Mis abuelos maternos vivían en una de esas casas de vecinos cuyas puertas de entrada  daban a una zona común, el patio, adornado con árboles de parra, con arriates donde crecían arbustos de flores (mis preferidas eran las celindas) y muchas, muchas macetas. MIs preferidas eran las hortensias, los lirios que ahora se les llaman calas y, por supuesto, el jazmín.  
Cuando mi madre me llevaba a verlos en los días de verano, mi abuela, o debería decir mi abuelastra si quiero ser fiel a la verdad, me daba un cestito de mimbre, que guardaba en la alacena y salíamos al patio a recoger los jazmines. Luego, los repartiríamos por los dormitorios para que nos libraran de las molestas picaduras de los mosquitos (y eso que entonces ni existían los mosquitos tigre ¡jajaja!). 
Ella me enseñó, precisamente, a cogerlos con suavidad. «Hazlo así para que la mata no sufra», decía mientras tiraba despacio del rabito. A mí eso me tenía en vilo todo el tiempo. Por nada del mundo deseaba infringir ningún mal, cuyo resultado fuera que aquella preciosa planta que llegaba hasta la altura de la casa sufriera por mi inexperiencia. 
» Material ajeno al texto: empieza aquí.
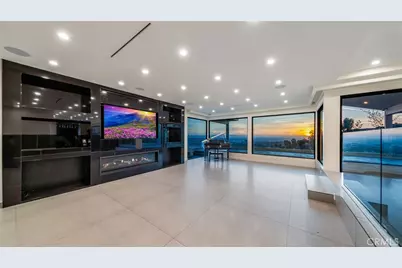 1001 Via Alta, Burbank, CA 91501 - Photo 14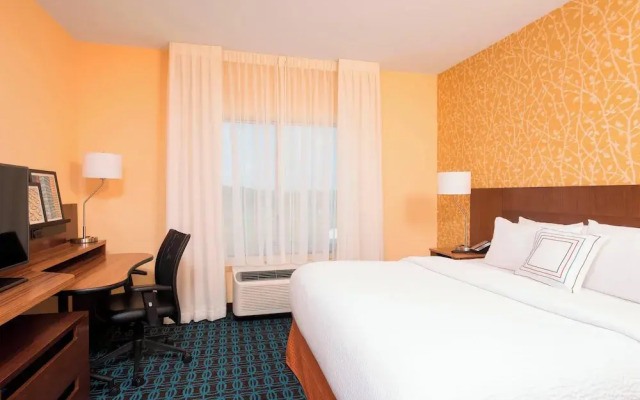Fairfield Inn & Suites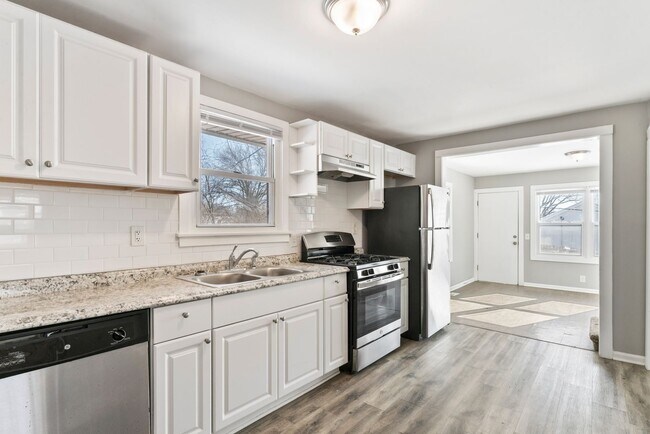Building Photo - 1119 E 84th St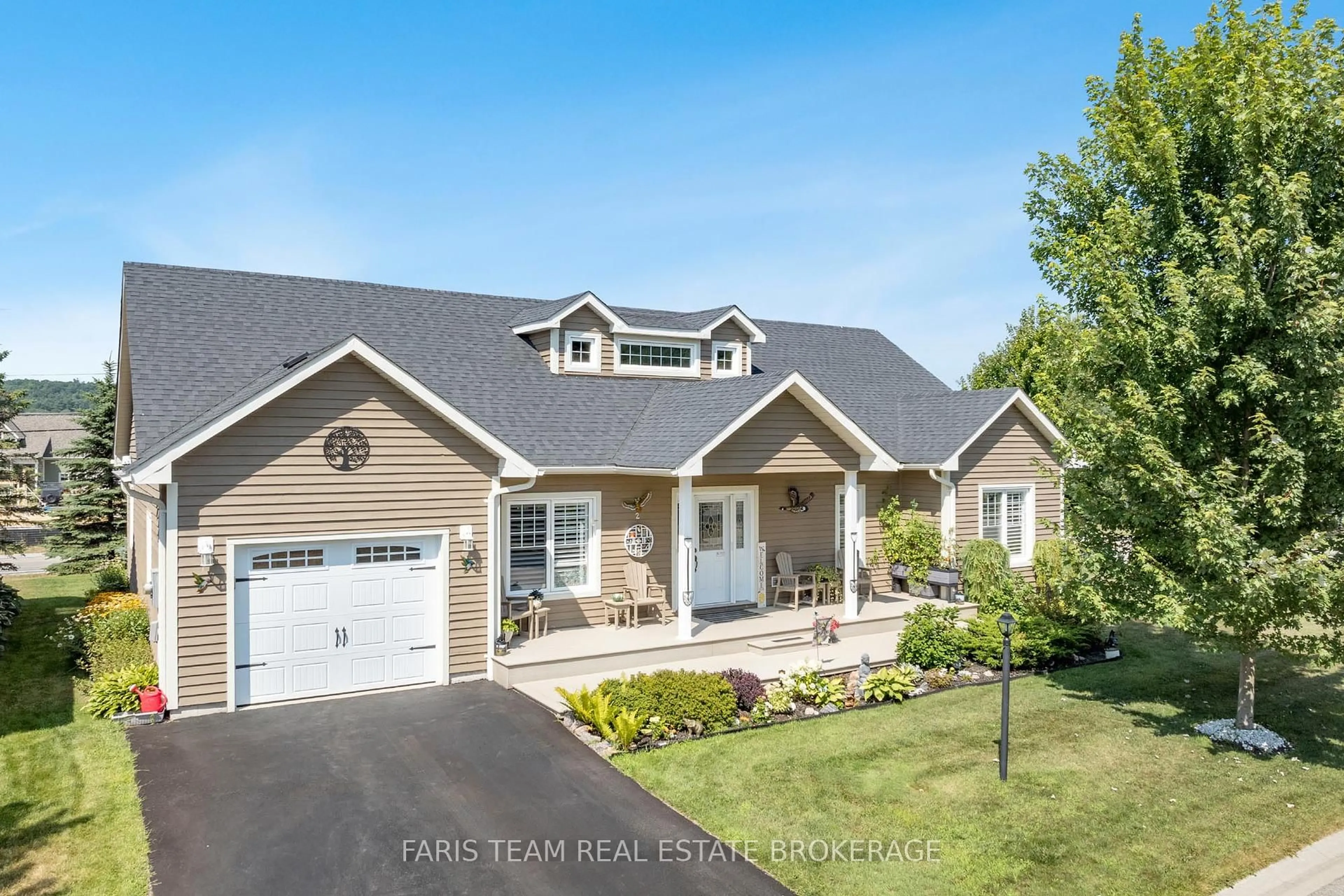 Home with vinyl exterior material, unknown for 2 Grew Cres, Penetanguishene Ontario L9M 0A4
A esa misma hora, las vecinas también salían a recoger su ramillete. Me quedaba extasiada mientras veía como los introducían por el rabito en una horquillas para hacer una moña de jazmines (en Málaga a las moñas les llaman biznaga eso lo aprendí cuando ya era adulta) con las que luego adornaban su pelo. 
Mi abuela tenía el pelo blanco, parecía algodón de azúcar, y siempre lo peinaba cardado por delante y recogido en un moño tipo italiano; aunque ahora que lo pienso, en el tiempo de este recuerdo no era tan mayor, así que quizá no lo tuviera todavía blanco. Intento visualizar algunas imágenes fotográficas que se me vienen a la mente y como es lógico no lo tenía blanco sino más bien tirando a sepia. Bueno, lo mismo da, el caso es que se ponía la moña y entonces toda ella olía a jazmín cuando me besaba.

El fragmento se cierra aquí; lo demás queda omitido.